━━━ DATA RECORDS

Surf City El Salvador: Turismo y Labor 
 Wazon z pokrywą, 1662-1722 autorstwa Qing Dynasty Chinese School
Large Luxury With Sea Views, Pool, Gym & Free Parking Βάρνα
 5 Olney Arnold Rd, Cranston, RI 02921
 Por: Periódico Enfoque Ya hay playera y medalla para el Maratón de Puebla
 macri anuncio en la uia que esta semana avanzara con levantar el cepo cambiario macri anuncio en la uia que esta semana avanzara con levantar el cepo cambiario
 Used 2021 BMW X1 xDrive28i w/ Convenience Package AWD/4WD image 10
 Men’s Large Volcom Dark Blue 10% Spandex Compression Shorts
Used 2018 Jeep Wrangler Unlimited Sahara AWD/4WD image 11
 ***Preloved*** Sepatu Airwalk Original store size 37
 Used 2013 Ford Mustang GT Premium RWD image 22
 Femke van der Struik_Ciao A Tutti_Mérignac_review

━━━━━━

■ ACTION ITEM: Print the listing above in its entirety, with every line exact.

■ OUTPUT:
Surf City El Salvador: Turismo y Labor 
 Wazon z pokrywą, 1662-1722 autorstwa Qing Dynasty Chinese School
Large Luxury With Sea Views, Pool, Gym & Free Parking Βάρνα
 5 Olney Arnold Rd, Cranston, RI 02921
 Por: Periódico Enfoque Ya hay playera y medalla para el Maratón de Puebla
 macri anuncio en la uia que esta semana avanzara con levantar el cepo cambiario macri anuncio en la uia que esta semana avanzara con levantar el cepo cambiario
 Used 2021 BMW X1 xDrive28i w/ Convenience Package AWD/4WD image 10
 Men’s Large Volcom Dark Blue 10% Spandex Compression Shorts
Used 2018 Jeep Wrangler Unlimited Sahara AWD/4WD image 11
 ***Preloved*** Sepatu Airwalk Original store size 37
 Used 2013 Ford Mustang GT Premium RWD image 22
 Femke van der Struik_Ciao A Tutti_Mérignac_review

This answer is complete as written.